2023年には『Occupied City』というかなり独特なアプローチのドキュメンタリーを手がけたりもしましたが、やはり”スティーヴ・マックイーン”と言えば、自身のルーツである黒人のアイデンティティを描いた作品が印象的。それこそアカデミー賞で最優秀作品賞に輝いた『それでも夜は明ける』は黒人奴隷の壮絶な実態を描いたものでしたし、2020年のアンソロジーの『スモール・アックス』も黒人差別とそれに対抗する社会運動を映し出したものでした。
実は今回の『ブリッツ ロンドン大空襲』も、主人公の親子のうち、子どもは黒人となっています。
”スティーヴ・マックイーン”監督によれば、この当時の写真の中に「疎開のために駅に佇む大きなスーツケースを持っている小さな黒人の子」を写したものが1枚あって、その写真にインスピレーションを受けたそうです。
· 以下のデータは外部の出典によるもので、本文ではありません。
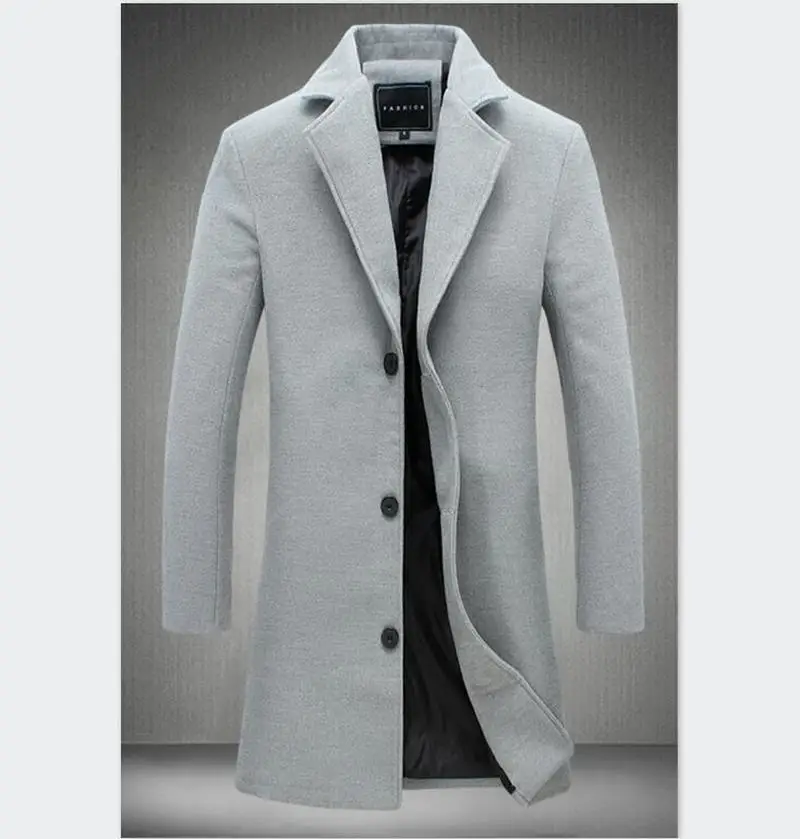 Мужская осенне-зимняя шерстяная и смешанная одежда для мужчин однотонные повседневные деловые тренчи Высококачественная брендовая тонкая длинная куртка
その子が実際はどんな人生を送ったのかはわかりませんが、この映画をきっかけに知っている人からの連絡があったりするかもしれないと期待して…。
『ブリッツ ロンドン大空襲』で主演するのは、若手の中では頭ひとつ飛びぬけてすでに大女優感が漂っている“シアーシャ・ローナン”。
共演には、“ポール・ウェラー”など明らかにミュージシャンの人を多く配置しており、たぶんこれは”スティーヴ・マックイーン”監督の趣味なのかな。音楽もひとつの題材になっている映画でもありますし。
ということで”スティーヴ・マックイーン”監督のやりたいことを全部詰め込んだ「戦火の庶民たちに寄り添う」戦争映画という感じです。
これだけ大作として映像のクオリティも素晴らしいのに、日本では劇場公開されないという悲しい現実…。「Apple TV+」での独占配信なのですが、いろいろもったいない…。
観れる機会があれば、ぜひなるべく大きい画面で鑑賞してください。
ちなみに猫は無事です。
『ブリッツ ロンドン大空襲』を観る前のQ&A
A:Apple TV+でオリジナル映画として2024年11月22日から配信中です。
オススメ度のチェック
ひとり | :当時を追体験 |
友人 | :題材に関心あれば |
恋人 | :恋愛要素は少しあり |
キッズ | :戦争の歴史を学ぶ |
『ブリッツ ロンドン大空襲』感想/考察(ネタバレあり)
あらすじ(前半)
1940年9月、激しく火の手があがるロンドンの街。消防士が必死に消火活動にあたっています。しかし、炎の勢いは全くおさまる気配はなく、ホースによる放水も虚しいです。建物は倒壊し、残骸が広がっていきます。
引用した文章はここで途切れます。